Usai beduk berbunyi, Majelelo dengan anak nagari Ambung Kapur bersiap mengelupaskan sabut kelapa yang sudah dikumpulkan.
Bersama-sama mengelupaskan sabut kelapa, yang bagian dalam kulitnya itu untuk diisikan ke meriam peninggalan Belanda, yang tentunya siap untuk didentumkan, setelah terisi mesiu.
Dulu, zaman telp dan HP belum ada, listrik belum masuk di kampung itu, meriam bisa berbunyi pukul 03.00 wib pagi, sebelum waktu imsak.
Meriam dilepas dua kali dengan rentang waktu sekitar setengah jam. Bunyi pertama di hadapkan ke utara, dan bunyi kedua ke selatan.
Seantero VII Koto, bahkan ke Malalak, Kabupaten Agam sana masih terdengar jelas, dan kuat.
Dulu itu, di tengah keterbatasan sarana komunikasi, bunyi dentuman meriam Ampang Tarok ini sangat dinanti dan ditunggu oleh masyarakat.
Bagi orang siak, semisal labai dan tuanku kampung, selalu menunggu bunyi meriam ini di suraunya masing-masing.
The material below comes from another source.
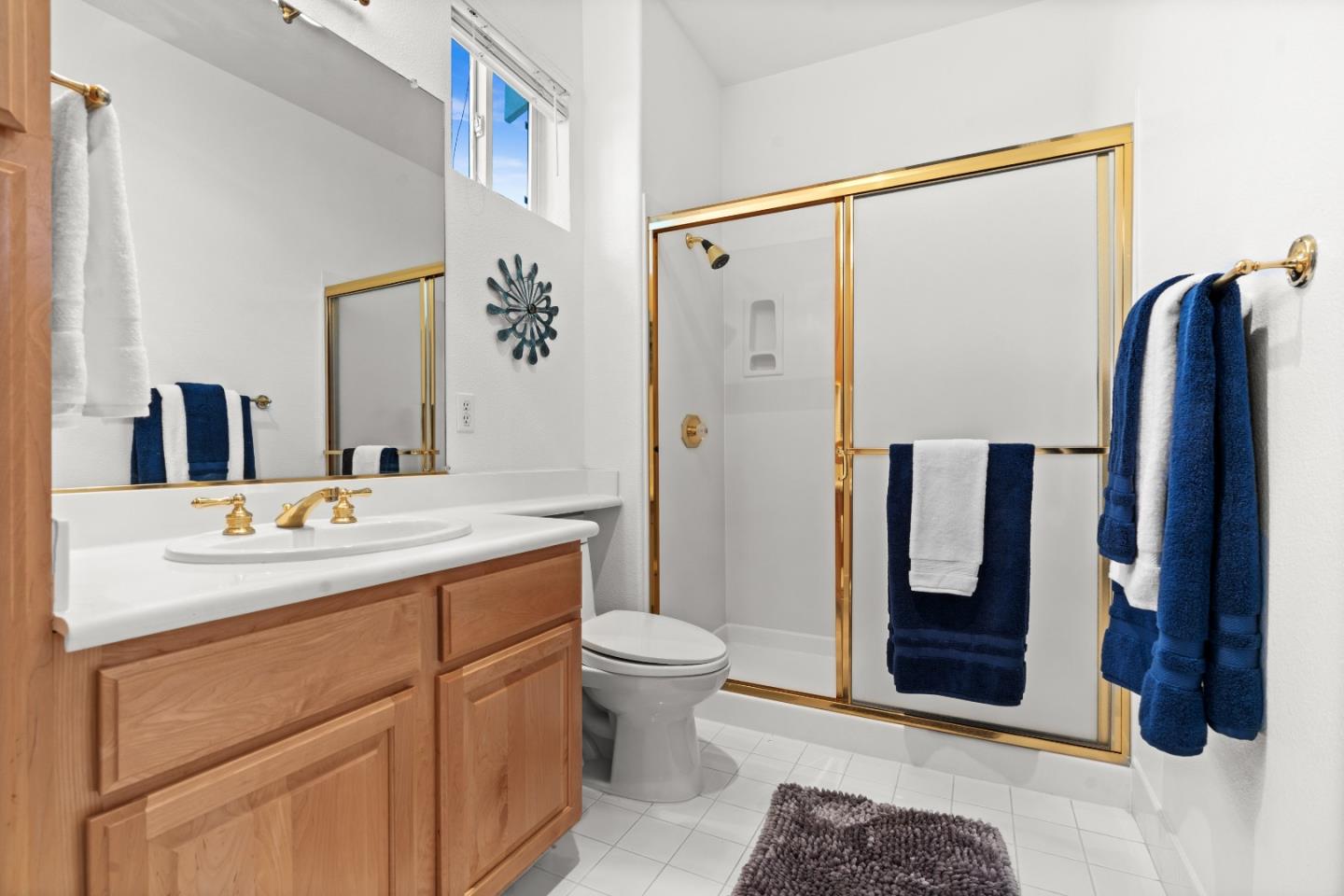 8750 McCarty Ranch Drive San Jose, CA 95135 - Photo 25 of 59 a bathroom with a sink and a mirror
Sebab, awal puasa harus dimulai dengan pelaksanaan Shalat Tarwih.
Kadang, sebagian labai juga ikut nimbrung dengan Majolelo sambil menunggu kabar dari Ampalu, tentang kepastian hilal tampak atau tidaknya.
Datang utusan Ampalu, para labai ini bergegas ke suraunya. Tak mesti lagi dia tunggu bunyi meriam. Sebab, sudah pasti akan berbunyi.
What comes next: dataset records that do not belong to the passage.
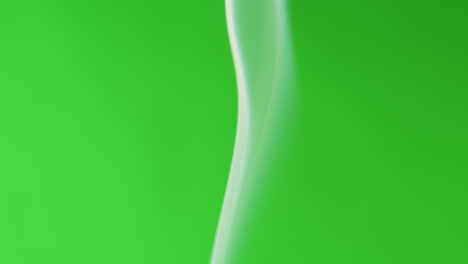 white smoke against a green background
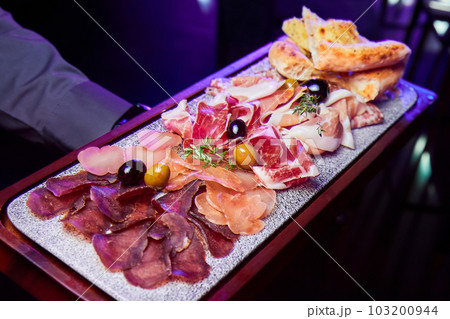 The waiter holds a wooden plate with various sliced dried meats delicacies 103200944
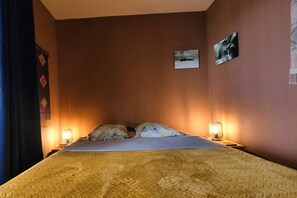 A single bed with a textured bedspread, two pillows, two bedside lamps, and a small framed picture on the wall. - Charming 100-square-meter apartment + 40-square-meter terrace with a stunning view of the sea and lagoon (Saint-Paul)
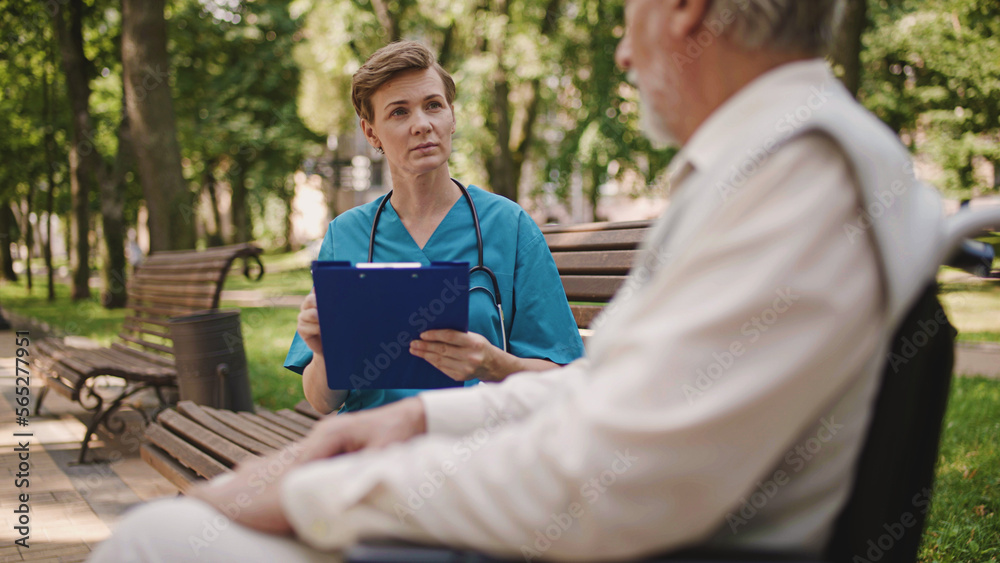 Physician writing in patient's card, talking to aged man in wheelchair, medicine Physician writing in patient's card, talking to aged man in wheelchair, medicine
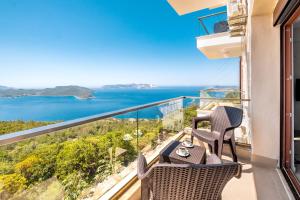 a balcony with chairs and a view of the ocean at Golden Rose Suit pension in Kaş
Tiba di suraunya, dia bunyikan beduk. Para orang tua-tua yang tengah mengantuk segera terbangun, dan pergi ke sungai, berwuduk tentunya.
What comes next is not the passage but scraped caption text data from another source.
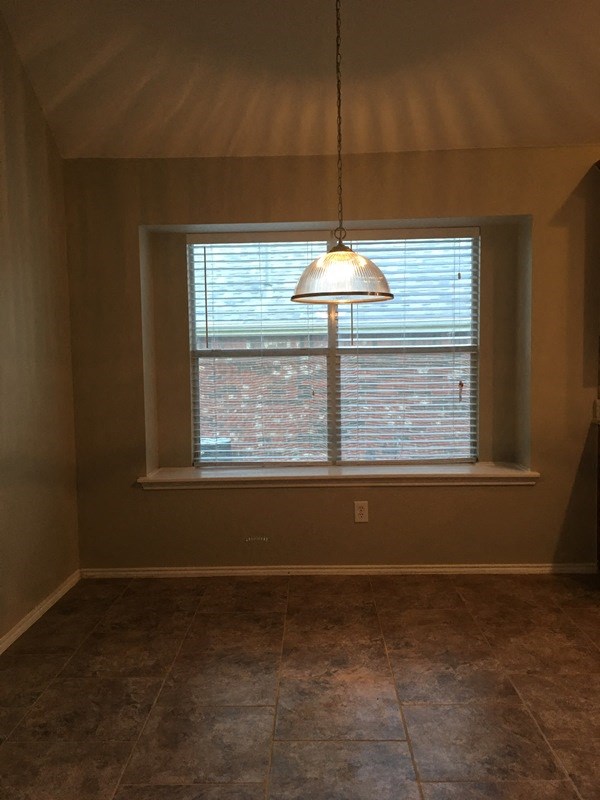 an empty room with a window and a lamp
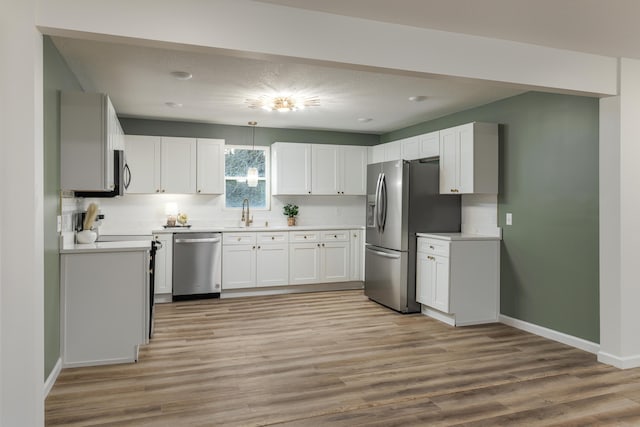 kitchen featuring white cabinets, backsplash, light hardwood / wood-style flooring, and appliances with stainless steel finishes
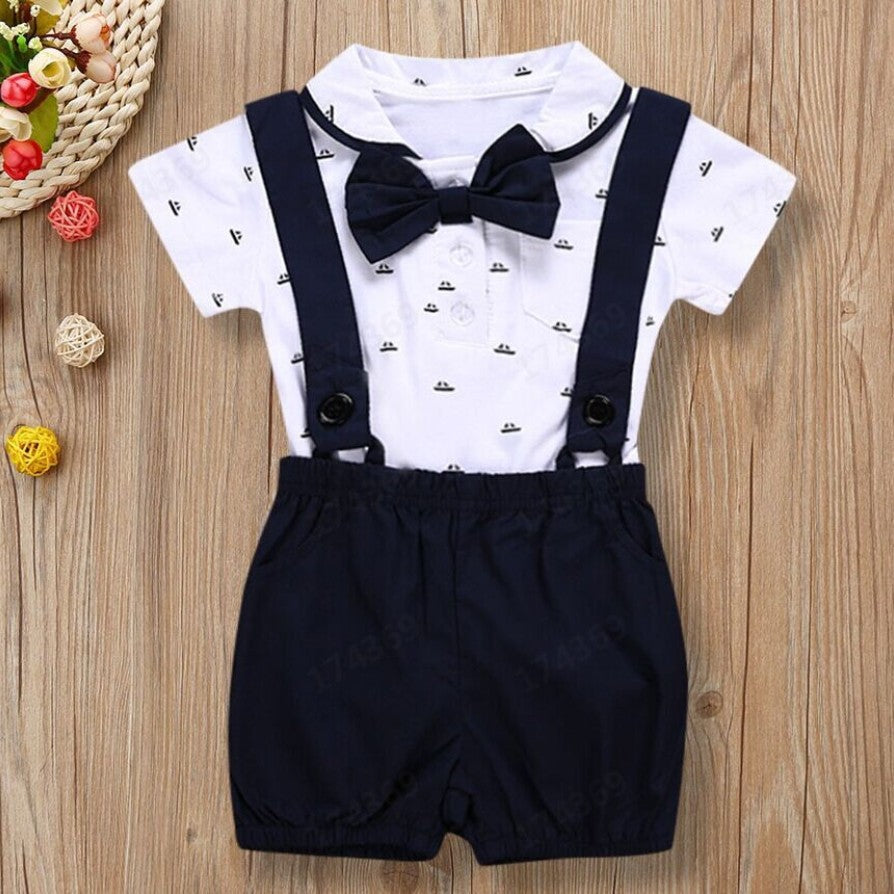 Baby outfit with white shirt, navy suspenders, and shorts on a wooden surface.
"Bulan sudah tampak, kita Tarwih lagi," kata labai ini mengabarkan ke masyarakatnya setiba di surau.
"Dima tampaknyo, labai," jawab yang lain untuk ingin kepastian hilal tampak tersebut.
Jadi, peran Majelelo adalah di halaman adat dan di tepian syarak. Sebagai wilayah dan Ulayat pakai rajo, Majelelo adalah wakil dan perpanjangan tangan rajo.
Di bidang syarak, Majelelo adalah suruhan Tuanku Kadhi dalam soal penyebarluasan hilal tampak, dengan dentuman keras meriam.
Ramadhan tahun ini, sudah diputuskan, di wilayah itu hari melihat bulannya jatuh pada Minggu, sama dengan keputusan Syathariyah Padang Pariaman.
Meskipun informasi sangat cepat datang saat ini, meriam Ampang Tarok tetap dilepas dan dibunyikan setelah beduk Ampalu.